##### DATA EXTRACT
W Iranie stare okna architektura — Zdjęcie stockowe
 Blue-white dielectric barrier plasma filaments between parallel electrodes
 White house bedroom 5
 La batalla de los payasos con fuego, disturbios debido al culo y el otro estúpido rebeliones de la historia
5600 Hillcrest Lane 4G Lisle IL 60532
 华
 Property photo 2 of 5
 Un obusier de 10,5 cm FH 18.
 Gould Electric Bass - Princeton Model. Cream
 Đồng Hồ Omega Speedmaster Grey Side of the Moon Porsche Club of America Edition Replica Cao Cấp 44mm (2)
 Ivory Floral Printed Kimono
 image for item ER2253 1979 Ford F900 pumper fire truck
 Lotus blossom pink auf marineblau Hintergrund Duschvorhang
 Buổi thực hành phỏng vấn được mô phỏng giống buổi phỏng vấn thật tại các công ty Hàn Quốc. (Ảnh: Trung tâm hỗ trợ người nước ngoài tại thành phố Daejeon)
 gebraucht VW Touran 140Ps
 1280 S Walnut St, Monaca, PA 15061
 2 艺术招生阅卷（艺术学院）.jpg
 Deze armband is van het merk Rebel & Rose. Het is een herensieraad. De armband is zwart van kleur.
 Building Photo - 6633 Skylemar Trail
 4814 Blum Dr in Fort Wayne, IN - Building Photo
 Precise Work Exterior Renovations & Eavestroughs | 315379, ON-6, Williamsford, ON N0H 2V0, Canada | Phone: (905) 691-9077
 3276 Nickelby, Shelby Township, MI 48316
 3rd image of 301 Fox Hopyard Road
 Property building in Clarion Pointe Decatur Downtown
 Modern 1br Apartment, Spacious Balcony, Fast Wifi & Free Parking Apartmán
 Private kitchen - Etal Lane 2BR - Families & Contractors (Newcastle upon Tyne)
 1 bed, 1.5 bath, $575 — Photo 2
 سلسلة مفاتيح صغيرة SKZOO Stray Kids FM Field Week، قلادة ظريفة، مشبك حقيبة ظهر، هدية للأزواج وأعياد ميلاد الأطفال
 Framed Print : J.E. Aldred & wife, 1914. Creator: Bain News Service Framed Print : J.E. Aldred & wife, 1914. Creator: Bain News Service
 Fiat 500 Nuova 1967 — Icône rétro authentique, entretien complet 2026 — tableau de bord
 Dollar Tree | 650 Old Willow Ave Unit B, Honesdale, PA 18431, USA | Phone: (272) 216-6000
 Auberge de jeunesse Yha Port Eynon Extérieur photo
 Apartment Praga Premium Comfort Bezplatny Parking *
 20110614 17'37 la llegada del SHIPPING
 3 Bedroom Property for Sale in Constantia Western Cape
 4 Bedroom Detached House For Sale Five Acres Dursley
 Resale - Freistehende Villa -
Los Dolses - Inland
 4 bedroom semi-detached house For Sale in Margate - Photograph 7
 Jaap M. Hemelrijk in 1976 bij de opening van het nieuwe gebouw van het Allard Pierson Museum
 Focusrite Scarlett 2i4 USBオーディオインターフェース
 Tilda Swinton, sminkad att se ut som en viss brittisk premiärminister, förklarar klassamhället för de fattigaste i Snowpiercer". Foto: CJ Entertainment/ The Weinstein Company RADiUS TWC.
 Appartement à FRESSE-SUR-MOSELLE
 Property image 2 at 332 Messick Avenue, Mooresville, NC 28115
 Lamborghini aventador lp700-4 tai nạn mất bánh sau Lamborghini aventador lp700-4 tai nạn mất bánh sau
##########
[EXERCISE DETAILS]: Give the whole listing again, character for character.

[OUTPUT FOR THIS TASK]:
W Iranie stare okna architektura — Zdjęcie stockowe
 Blue-white dielectric barrier plasma filaments between parallel electrodes
 White house bedroom 5
 La batalla de los payasos con fuego, disturbios debido al culo y el otro estúpido rebeliones de la historia
5600 Hillcrest Lane 4G Lisle IL 60532
 华
 Property photo 2 of 5
 Un obusier de 10,5 cm FH 18.
 Gould Electric Bass - Princeton Model. Cream
 Đồng Hồ Omega Speedmaster Grey Side of the Moon Porsche Club of America Edition Replica Cao Cấp 44mm (2)
 Ivory Floral Printed Kimono
 image for item ER2253 1979 Ford F900 pumper fire truck
 Lotus blossom pink auf marineblau Hintergrund Duschvorhang
 Buổi thực hành phỏng vấn được mô phỏng giống buổi phỏng vấn thật tại các công ty Hàn Quốc. (Ảnh: Trung tâm hỗ trợ người nước ngoài tại thành phố Daejeon)
 gebraucht VW Touran 140Ps
 1280 S Walnut St, Monaca, PA 15061
 2 艺术招生阅卷（艺术学院）.jpg
 Deze armband is van het merk Rebel & Rose. Het is een herensieraad. De armband is zwart van kleur.
 Building Photo - 6633 Skylemar Trail
 4814 Blum Dr in Fort Wayne, IN - Building Photo
 Precise Work Exterior Renovations & Eavestroughs | 315379, ON-6, Williamsford, ON N0H 2V0, Canada | Phone: (905) 691-9077
 3276 Nickelby, Shelby Township, MI 48316
 3rd image of 301 Fox Hopyard Road
 Property building in Clarion Pointe Decatur Downtown
 Modern 1br Apartment, Spacious Balcony, Fast Wifi & Free Parking Apartmán
 Private kitchen - Etal Lane 2BR - Families & Contractors (Newcastle upon Tyne)
 1 bed, 1.5 bath, $575 — Photo 2
 سلسلة مفاتيح صغيرة SKZOO Stray Kids FM Field Week، قلادة ظريفة، مشبك حقيبة ظهر، هدية للأزواج وأعياد ميلاد الأطفال
 Framed Print : J.E. Aldred & wife, 1914. Creator: Bain News Service Framed Print : J.E. Aldred & wife, 1914. Creator: Bain News Service
 Fiat 500 Nuova 1967 — Icône rétro authentique, entretien complet 2026 — tableau de bord
 Dollar Tree | 650 Old Willow Ave Unit B, Honesdale, PA 18431, USA | Phone: (272) 216-6000
 Auberge de jeunesse Yha Port Eynon Extérieur photo
 Apartment Praga Premium Comfort Bezplatny Parking *
 20110614 17'37 la llegada del SHIPPING
 3 Bedroom Property for Sale in Constantia Western Cape
 4 Bedroom Detached House For Sale Five Acres Dursley
 Resale - Freistehende Villa -
Los Dolses - Inland
 4 bedroom semi-detached house For Sale in Margate - Photograph 7
 Jaap M. Hemelrijk in 1976 bij de opening van het nieuwe gebouw van het Allard Pierson Museum
 Focusrite Scarlett 2i4 USBオーディオインターフェース
 Tilda Swinton, sminkad att se ut som en viss brittisk premiärminister, förklarar klassamhället för de fattigaste i Snowpiercer". Foto: CJ Entertainment/ The Weinstein Company RADiUS TWC.
 Appartement à FRESSE-SUR-MOSELLE
 Property image 2 at 332 Messick Avenue, Mooresville, NC 28115
 Lamborghini aventador lp700-4 tai nạn mất bánh sau Lamborghini aventador lp700-4 tai nạn mất bánh sau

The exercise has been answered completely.